The vehicles were adjusting positions and we were motioned to stay back by the Palestinians. Shortly the entire group of soldiers and police of the Israeli occupation forces, Palestinians and internationals began to move up the road, past Palestinian farmers picking their olives to an disputed area in an olive grove. The Israelis activists were particularly helpful in aiding the internationals to gain access to the olive grove. In this disputed area there were about 18 long rows of olive trees with the settlers “owning” the six rows on either end and the Palestinians owning the six rows in the middle, a most unusual and hard to comprehend arrangement.
MPTers observed that the settlers’ trees were very heavily laden with ripe olives while many of the Palestinian trees had almost no olives on the lower branches, but generally a good amount up high. The suspicion by the internationals and Israelis was that lower olives might have been stolen in a quick harvest by settlers , or possibly the lower area of the trees had been strayed with something, or maybe the settlers’ access to piped in irrigation water allowed their trees to flourish.
The harvesting started with men, women, children, Israelis and internationals working together and, at times, up to twenty Israeli police and soldiers standing guard at the edge of the grove. Shortly after a traditional communal picnic lunch, a Japanese journalist, a Japanese photographer and a Palestinian journalist arrived to interview the Palestinians about the olive harvest and the situation regarding the occupation and the illegal settlements.

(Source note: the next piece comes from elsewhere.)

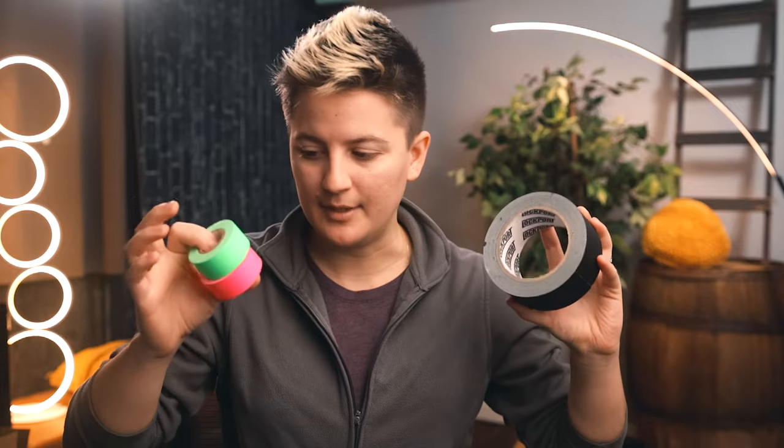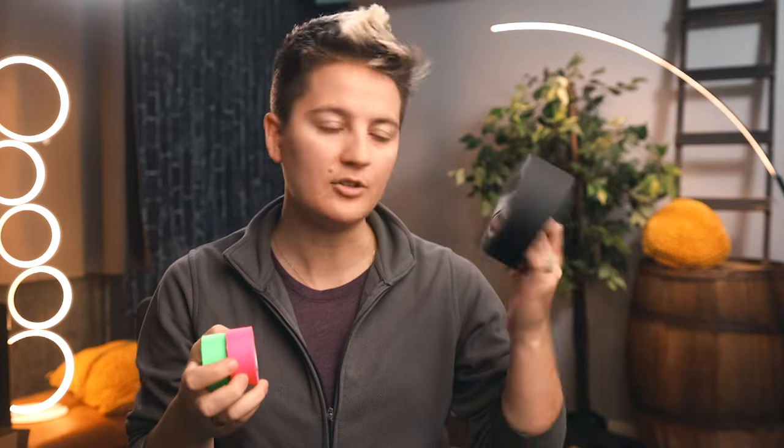A tried and true classic is gaff tape. It's not very expensive and you can get it in different colors. The colored ones are great because they help organize stuff like batteries or bags — it's a great way to distinguish differences. Black is tried and true as it helps things not show up. You can use it to tack down cables, or I don't know, maybe you have problems on set and gaff tape fixes everything.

One of the Palestinian woman readily and passionately spoke of the difficult situation.
A few minutes later two settlers arrived driving small utility vehicles. They circled the Palestinian area hanging markers in “their” trees.
This activity continued on and off for a number of hours, giving the Japanese crew, internationals and Israelis a chance to photo them. A couple of internationals and several of the Israelis tried to communicate with the settlers in the utility vehicles. The settlers just continued to repeat that the land was theirs and all should leave. The Israeli military and police finally moved into the center of the grove. One settler drove right through the middle of the Palestinian trees and stopped to talk to the Israeli police.
Although there was concern and tension in the air, the Palestinians were able to complete most of their harvest in their area and then load all the bags of olives, ladders, kids and workers into the trailer and drive back to town.
Israeli soldiers and police stayed “to escort” everyone out of the area. The Palestinians were not able to complete totally the harvest nor collect fallen olives which can be used for making oil or olive oil soap. As the MPTers and three other internationals enjoyed the cooler air and pleasant mile plus walk back to the village, they pondered the effects of the occupation on every detail of Palestinian life.